The NCAP will be a mid-term, five-year action plan, with 2019 as the first year. “However, the international experience and national studies indicate that significant outcome, in terms of air pollution initiatives, are visible only in the long-term and hence, the programme may be further extended to a longer time horizon, after a mid-term review of the outcomes,” the environment minister said.
NITI Aayog CEO Amitabh Kant termed the plan a ‘critical initiative, which will not only push for accountability in city administration but also improve public participation in tackling the pollution crisis’. “Today, cities occupy just three per cent of the land but contribute to 82 per cent of GDP and are responsible for 78 per cent of carbon dioxide emissions. The cities, though, are engines of growth and equity but they have to be sustainable and it is in this context that the NCAP, being a very inclusive program, holds special relevance,” he said.
The NCAP has proposed multiple strategies to combat air pollution in the 102 most-polluting cities in the country. “City-specific action plans are being formulated for 102 non-attainment cities, identified for implementing mitigation actions under the NCAP. The cities have already prepared action plans, in consultation with the Central Pollution Control Board (CPCB).
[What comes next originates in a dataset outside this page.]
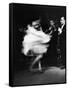 Female Gypsy Dancer-Loomis Dean-Framed Stretched Canvas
However, this does not imply that cities other than these 102 will not take any measures in this regard,” environment secretary CK Mishra said.
The NCAP will be operationalised through inter-sectoral groups, which include ministries of road transport and highways, petroleum and natural gas, renewable energy and housing and urban affairs, among others. The institutional framework will comprise an apex committee under the Environment Ministry and a committee at the chief secretary level in the states.
“Other features of the NCAP include increasing the number of monitoring stations in the country, including rural monitoring stations, technology support, emphasis on awareness and capacity building initiatives, setting up of certification agencies for monitoring equipment, source apportionment studies, emphasis on enforcement and specific sectoral interventions,” Mishra said.
With an aim of bringing a time-bound national level strategy for pan-India implementation, to tackle increasing air pollution problem across the country in a comprehensive manner, the Environment Ministry had, in 2018, put up the draft NCAP on its website and invited comments from various stakeholders. The draft plan had invited criticism from green bodies, which claimed that it lacked the government’s earlier set target of bringing down air pollution by 50 per cent in five years. With a massive haze of dust enveloping Delhi and the pollution levels dropping to ‘severe’ category, the green bodies had also urged the government to roll out the plan as soon as possible.